THESSALONIKI – CORRESPONDENCE. “Do you know something? Have you heard anything? Parents of the passengers of the fateful train IC62, following the route Athens – Thessaloniki, gathered early at the New Thessaloniki station. I don’t know how I managed to get out.” Another mother, who had not yet been able to contact her daughter, tried in vain to find information about her child’s whereabouts.
In total, five buses passed from the New Railway Station, which delivered passengers from the accident site to Thessaloniki. Most of them went down the steps of the bus in a state of shock and fell into the arms of their relatives, bursting into tears. “It was a few seconds that felt like a century,” says one of the first rescuers to arrive. “I thought I was going to die,” said a young man who was driving behind the front cars, which were engulfed in flames. As he described, he first felt a jolt and then saw the front cars “rush” towards him. Everything around him was abandoned, but he himself managed to get out of the van with a few hacks on it.
“I became like a mass under the coffee table. Then the people inside started screaming, the girls were crying. Luckily, the back door opened and we all got out,” said another rescued passenger. Some were less fortunate, and, as they said, they had to break the window of the car with a suitcase to get out, or they found a hole and managed to escape when the car “turned”. “We ended up tilting the van 45 degrees. The whole floor was covered in oil and some people were slipping trying to get out,” said another.

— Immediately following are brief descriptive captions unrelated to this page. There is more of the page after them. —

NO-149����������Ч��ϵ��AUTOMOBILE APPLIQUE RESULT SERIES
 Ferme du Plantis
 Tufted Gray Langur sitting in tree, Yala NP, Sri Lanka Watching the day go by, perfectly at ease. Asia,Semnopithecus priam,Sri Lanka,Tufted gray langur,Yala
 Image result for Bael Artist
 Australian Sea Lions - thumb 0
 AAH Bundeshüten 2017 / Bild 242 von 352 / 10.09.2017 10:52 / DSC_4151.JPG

When they got out, they saw “chaos”, “people in a panic” and the front cars engulfed in flames.
Leaving the bus, the young woman fell into the arms of her mother, who had been waiting for her for several hours. She was helped, as she said, by a colleague to escape. Together with her, the lightly wounded with blood stains on their faces and clothes, who were sent to the ambulances that arrived at the scene, got off with them to help them.
Among the rescued there is a young woman who still cannot believe her happiness. As she noted, her place was usually in the second carriage. However, she decided at the last moment to switch to the 6th car and thus managed to escape.
Police arrived at the scene as a third bus pulled up and began recording the rescued. Prior to this, the relatives of the passengers waiting at the station had no official information. By about 4:00 am, five buses completed the transfer of about 200 rescued to Thessaloniki.
Anxiously, the expectant mother did not see her daughter in any of them. Together with several other relatives, she recently left with a communication phone in hand to contact the competent authorities of Larisa to establish the whereabouts of her child.